# QO breaker in a 4 11/16 box and plate



## Shockdoc (Mar 4, 2010)

I noticed that thing up high in the rafters feeding a drop at HD, it had a cust5om 5" blank plate with a cutout for a SP QO breaker. Has anyone seen one or has a part # ?


----------



## jza (Oct 31, 2009)

Yup, part number is QO-H4CK


----------



## drumnut08 (Sep 23, 2012)

Shockdoc said:


> I noticed that thing up high in the rafters feeding a drop at HD, it had a cust5om 5" blank plate with a cutout for a SP QO breaker. Has anyone seen one or has a part # ?


Sounds custom , lol ! I once found a bunch of breakers added to a panel in a church . There were vertical slots cut in the dead front for these things . Took the cover off and found the breakers clipped onto rail that was rigged and then jumper wires ( 10's and 12's ) tapped onto the bus bar , lol ! This was before camera phones , but it was one of the hackiest things I've ever seen . This was one of many reasons we re- did the service and distribution .


----------



## papaotis (Jun 8, 2013)

not a part # but their phone # is 1-800-we'll make it work


----------



## Shockdoc (Mar 4, 2010)

drumnut08 said:


> Sounds custom , lol ! I once found a bunch of breakers added to a panel in a church . There were vertical slots cut in the dead front for these things . Took the cover off and found the breakers clipped onto rail that was rigged and then jumper wires ( 10's and 12's ) tapped onto the bus bar , lol ! This was before camera phones , but it was one of the hackiest things I've ever seen . This was one of many reasons we re- did the service and distribution .

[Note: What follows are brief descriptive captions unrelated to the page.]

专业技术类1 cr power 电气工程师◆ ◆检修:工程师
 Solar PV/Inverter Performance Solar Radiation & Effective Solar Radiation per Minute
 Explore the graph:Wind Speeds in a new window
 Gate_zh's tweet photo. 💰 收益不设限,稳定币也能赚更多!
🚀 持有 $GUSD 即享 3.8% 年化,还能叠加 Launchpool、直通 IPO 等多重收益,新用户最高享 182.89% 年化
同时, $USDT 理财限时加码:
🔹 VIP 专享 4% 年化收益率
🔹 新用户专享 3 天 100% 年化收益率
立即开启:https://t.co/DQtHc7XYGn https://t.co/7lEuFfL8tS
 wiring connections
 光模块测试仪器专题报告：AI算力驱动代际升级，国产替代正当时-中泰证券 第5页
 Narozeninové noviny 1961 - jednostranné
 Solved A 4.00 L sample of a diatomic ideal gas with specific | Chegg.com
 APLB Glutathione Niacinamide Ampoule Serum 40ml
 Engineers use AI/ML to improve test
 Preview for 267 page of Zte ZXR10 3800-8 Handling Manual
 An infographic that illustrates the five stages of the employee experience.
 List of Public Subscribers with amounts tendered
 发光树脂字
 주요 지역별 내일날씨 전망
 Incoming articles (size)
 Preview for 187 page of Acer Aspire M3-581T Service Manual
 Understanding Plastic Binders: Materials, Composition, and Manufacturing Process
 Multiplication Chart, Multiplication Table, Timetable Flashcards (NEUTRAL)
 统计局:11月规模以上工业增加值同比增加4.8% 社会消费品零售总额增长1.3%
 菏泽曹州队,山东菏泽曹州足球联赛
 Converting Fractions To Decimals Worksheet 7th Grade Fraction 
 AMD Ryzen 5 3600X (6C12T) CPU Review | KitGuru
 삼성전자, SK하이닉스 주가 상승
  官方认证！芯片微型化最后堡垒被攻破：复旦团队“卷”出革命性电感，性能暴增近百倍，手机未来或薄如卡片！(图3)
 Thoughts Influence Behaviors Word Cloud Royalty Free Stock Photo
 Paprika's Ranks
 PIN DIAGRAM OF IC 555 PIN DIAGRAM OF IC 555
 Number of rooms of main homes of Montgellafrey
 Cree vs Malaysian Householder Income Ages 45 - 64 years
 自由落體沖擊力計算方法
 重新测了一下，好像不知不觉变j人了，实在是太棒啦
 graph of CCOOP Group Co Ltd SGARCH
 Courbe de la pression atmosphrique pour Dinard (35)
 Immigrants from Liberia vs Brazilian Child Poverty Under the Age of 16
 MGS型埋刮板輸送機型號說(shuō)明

This actually looked like a factory cut out in the 4 11/16 cover for that breaker. My phone has a lousy zoom on it.


----------



## wildleg (Apr 12, 2009)

Shockdoc said:


> I noticed that thing up high in the rafters feeding a drop at HD, it had a cust5om 5" blank plate with a cutout for a SP QO breaker. Has anyone seen one or has a part # ?


pics or it didn't happen


----------



## Bbsound (Dec 16, 2011)

Are you sure it was not a buss plug?


----------



## ponyboy (Nov 18, 2012)

was it this










no overcurrent protection, just a dummy breaker. but a nice cheap disconnect


----------